An anonymous reader quotes The Register:
Late last month, open-source contributor Raymond Nicholson proposed a change to the manual for glibc, the GNU implementation of the C programming language’s standard library, to remove “the abortion joke,” which accompanied the explanation of libc’s abort() function… The joke, which has been around since the 1990s and is referred to as a censorship joke by those supporting its inclusion, reads as follows:
25.7.4 Aborting a Program… Future Change Warning: Proposed Federal censorship regulations may prohibit us from giving you information about the possibility of calling this function. We would be required to say that this is not an acceptable way of terminating a program.

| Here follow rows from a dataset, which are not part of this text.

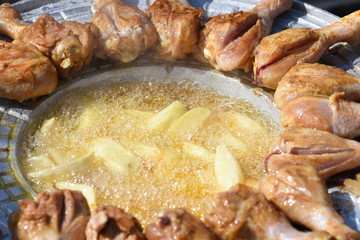 crispy chicken thighs  fried in oil and fried potatoes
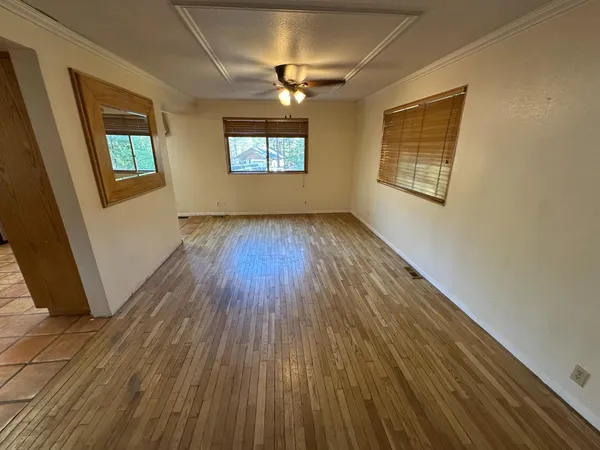 a view of a livingroom with furniture a flat screen tv wooden floor and staircase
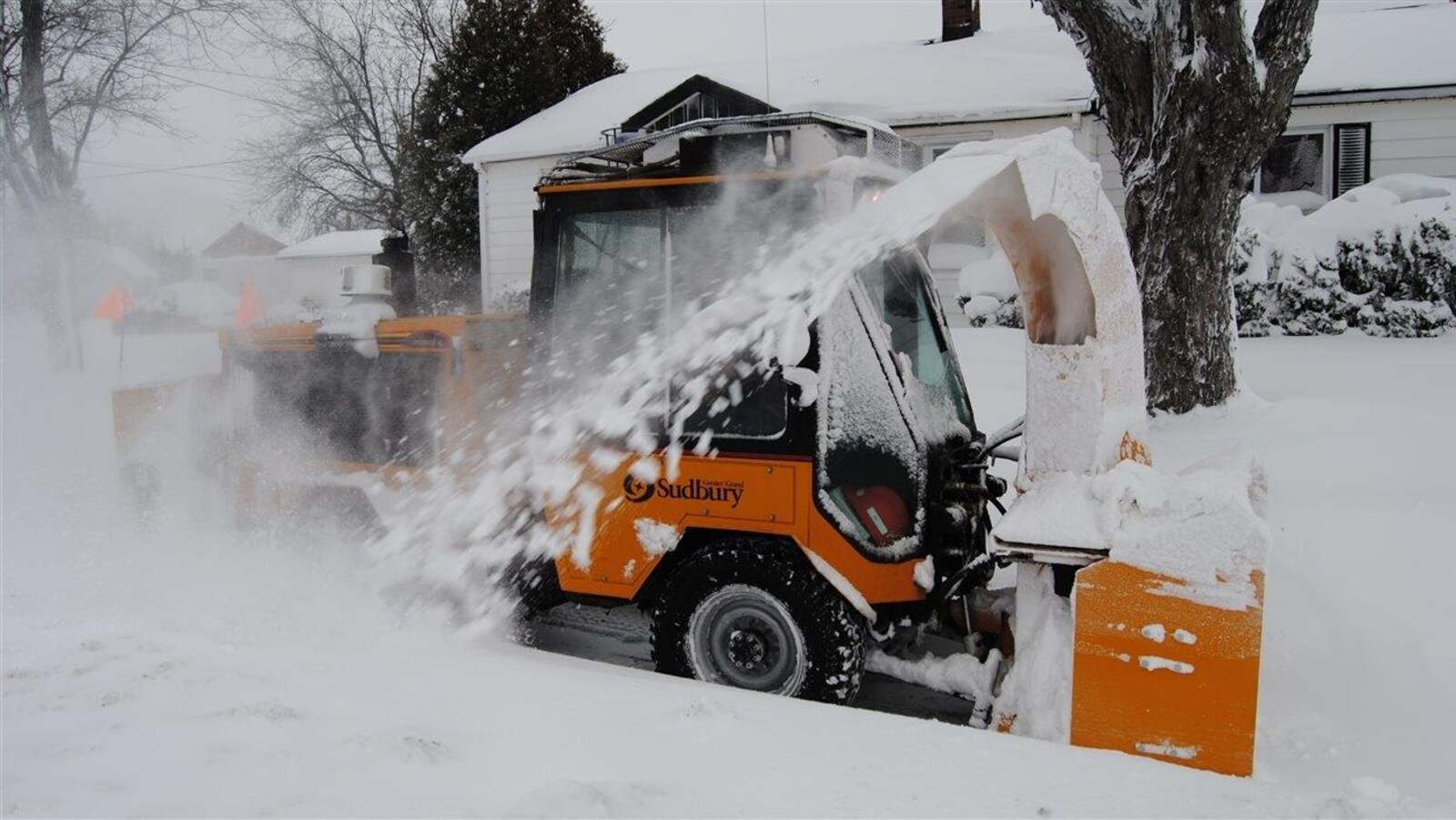 Une déneigeuse à trottoir en action.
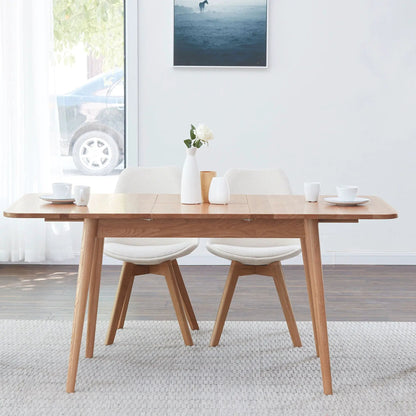 Round-corner wooden dining table with diagonal legs and telescopic extension for 6–8 people on Tampa Home & Garden Store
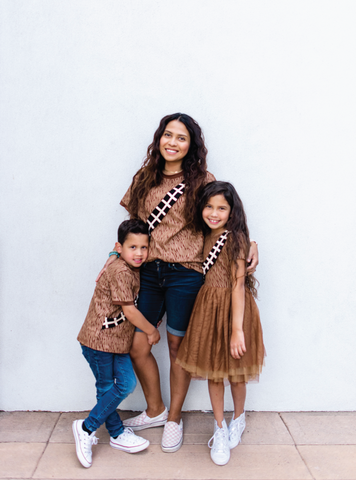 mom and son in chewbacca shirts, daughter in chewbacca dress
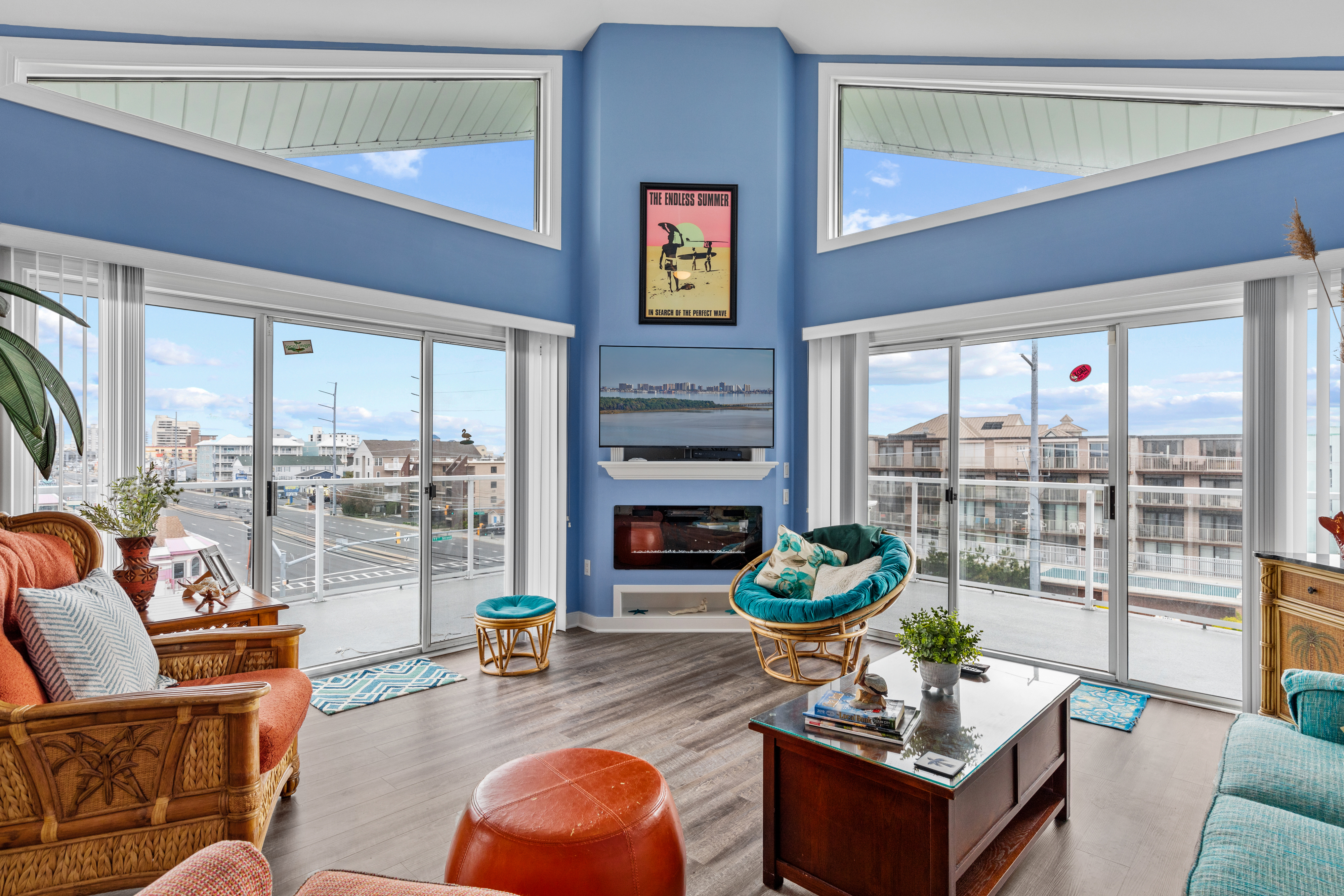Relax in the Living Area with a Wall of Windows, leading to Sweeping Views of Ocean City!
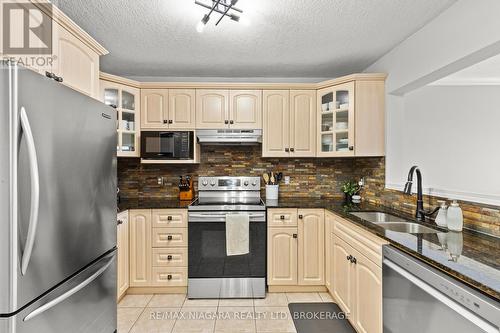 7 - 10 Stonecairn Drive, Cambridge, ON - Indoor Photo Showing Kitchen With Stainless Steel Kitchen With Double Sink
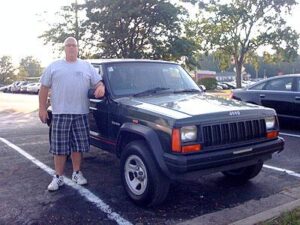 Rural letter carrier Ty Averett and his right-hand drive Jeep Cherokee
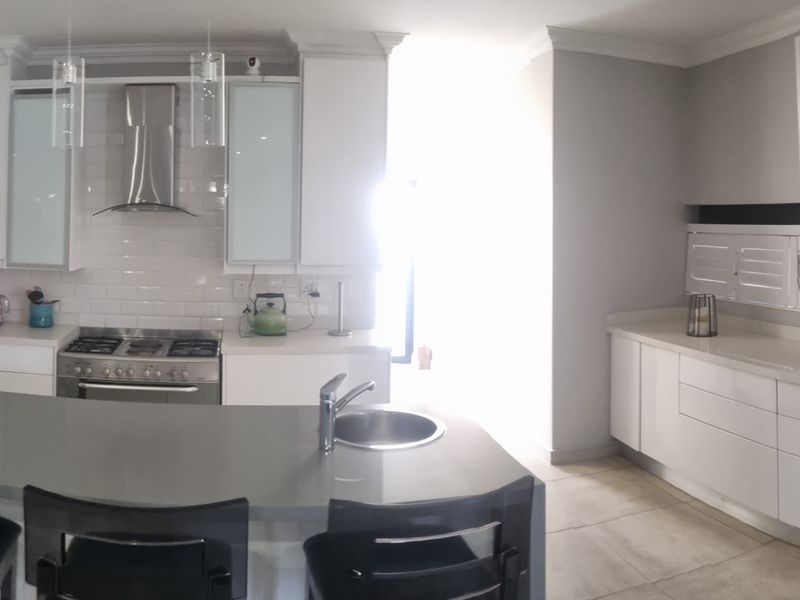 Modern kitchen featuring white cabinetry, stone countertops, a central island with sink, stainless steel appliances, and a subway tile backsplash.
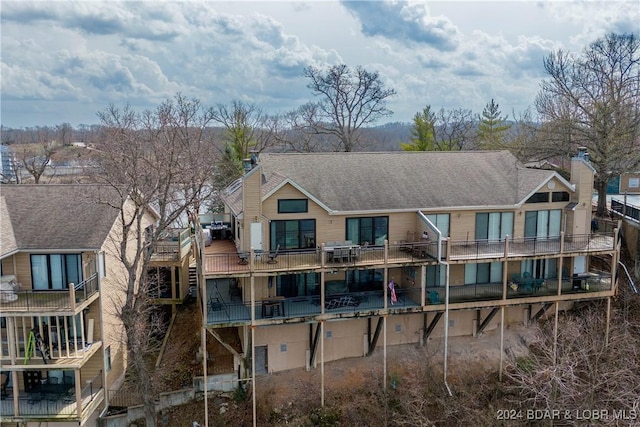 166 Falls Point Dr Unit 2B, Lake Ozark, MO 65049 - back of house with a chimney and a shingled roof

On April 30, the proposed change was made, removing the passage from the documentation. That didn’t sit well with a number of people involved in the glibc project, including the joke’s author, none other than Free Software Foundation president and firebrand Richard Stallman, who argued that the removal of the joke qualified as censorship… Carlos O’Donnell, a senior software engineer at Red Hat, recommended avoiding jokes altogether, a position supported by many of those weighing in on the issue. Among those voicing opinions, a majority appears to favor removal.
But in a post to the project mailing list, Stallman wrote “Please do not remove it. GNU is not a purely technical project, so the fact that this is not strictly and grimly technical is not a reason to remove this.” He added later that “I exercise my authority over glibc very rarely — and when I have done so, I have talked with the official maintainers. So rarely that some of you thought that you are entirely autonomous. But that is not the case. On this particular question, I made a decision long ago and stated it where all of you could see it.”
The Register reports that “On Monday, the joke was restored by project contributor Alexandre Oliva, having taken Stallman’s demand as approval to do so.”